AVAILABLE DATA:
= Beginning of Section =

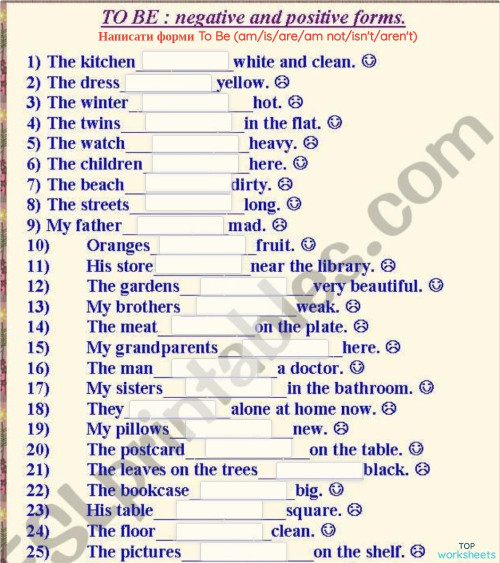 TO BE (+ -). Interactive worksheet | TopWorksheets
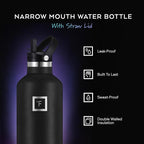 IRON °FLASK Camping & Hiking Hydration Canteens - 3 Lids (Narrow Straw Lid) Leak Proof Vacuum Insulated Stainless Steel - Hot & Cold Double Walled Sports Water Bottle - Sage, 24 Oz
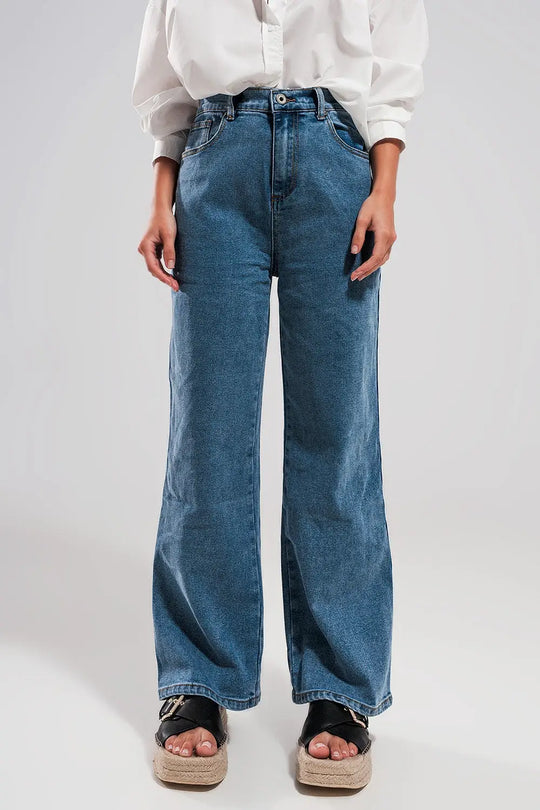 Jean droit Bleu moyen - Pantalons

= End of Section =
= Beginning of Section =

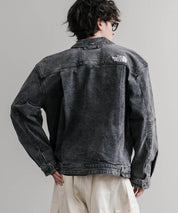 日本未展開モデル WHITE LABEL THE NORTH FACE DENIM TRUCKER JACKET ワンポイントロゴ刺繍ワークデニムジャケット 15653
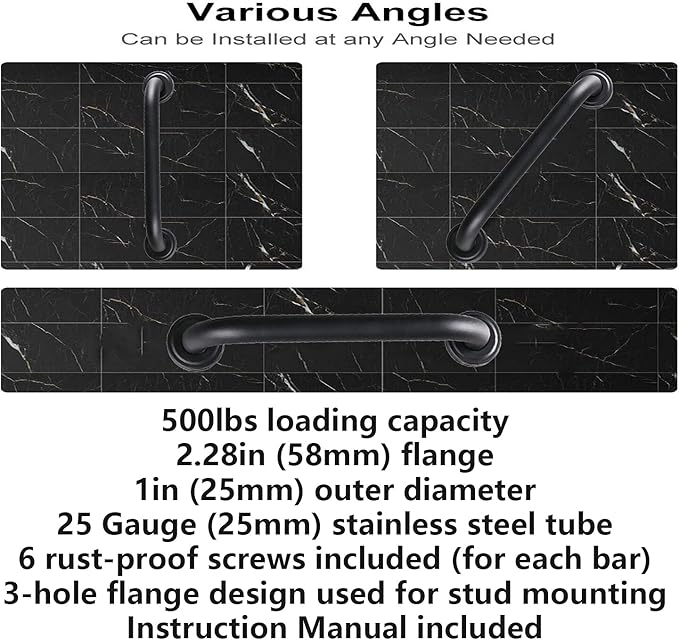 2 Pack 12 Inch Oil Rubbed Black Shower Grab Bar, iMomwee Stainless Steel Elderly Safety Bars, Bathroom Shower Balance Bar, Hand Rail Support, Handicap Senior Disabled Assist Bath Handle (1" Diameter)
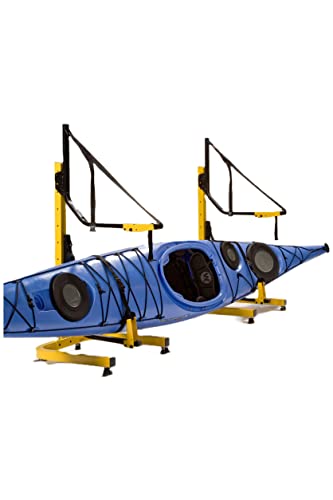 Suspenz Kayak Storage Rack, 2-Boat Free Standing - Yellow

= End of Section =
= Beginning of Section =

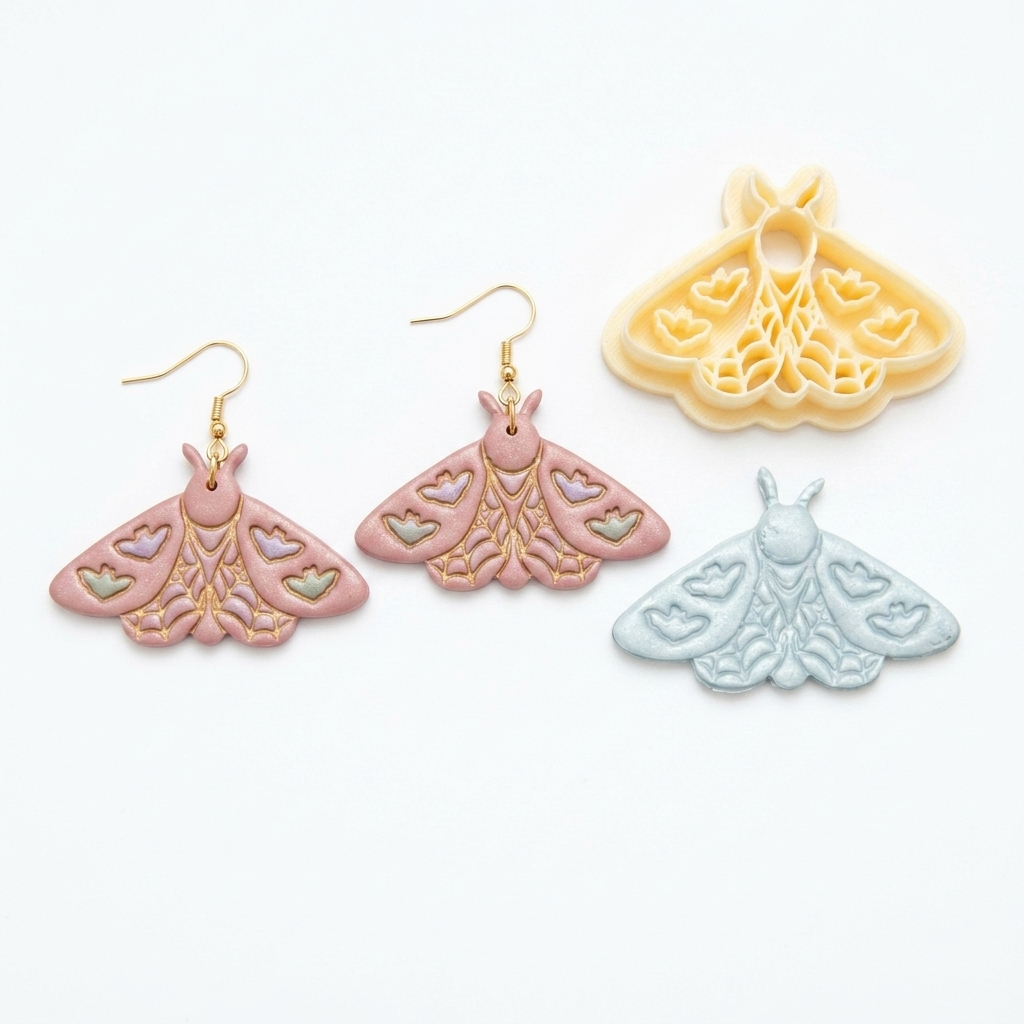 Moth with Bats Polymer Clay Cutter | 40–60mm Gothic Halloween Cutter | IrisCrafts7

= End of Section =

EXERCISE OBJECTIVE:
Reproduce the listing above only between the lines holding "2 Pack 12 Inch" and "Suspenz Kayak Storage", inclusive. Every line must match exactly, and pictures are dropped.

EXERCISE RESULT:
 2 Pack 12 Inch Oil Rubbed Black Shower Grab Bar, iMomwee Stainless Steel Elderly Safety Bars, Bathroom Shower Balance Bar, Hand Rail Support, Handicap Senior Disabled Assist Bath Handle (1" Diameter)
 Suspenz Kayak Storage Rack, 2-Boat Free Standing - Yellow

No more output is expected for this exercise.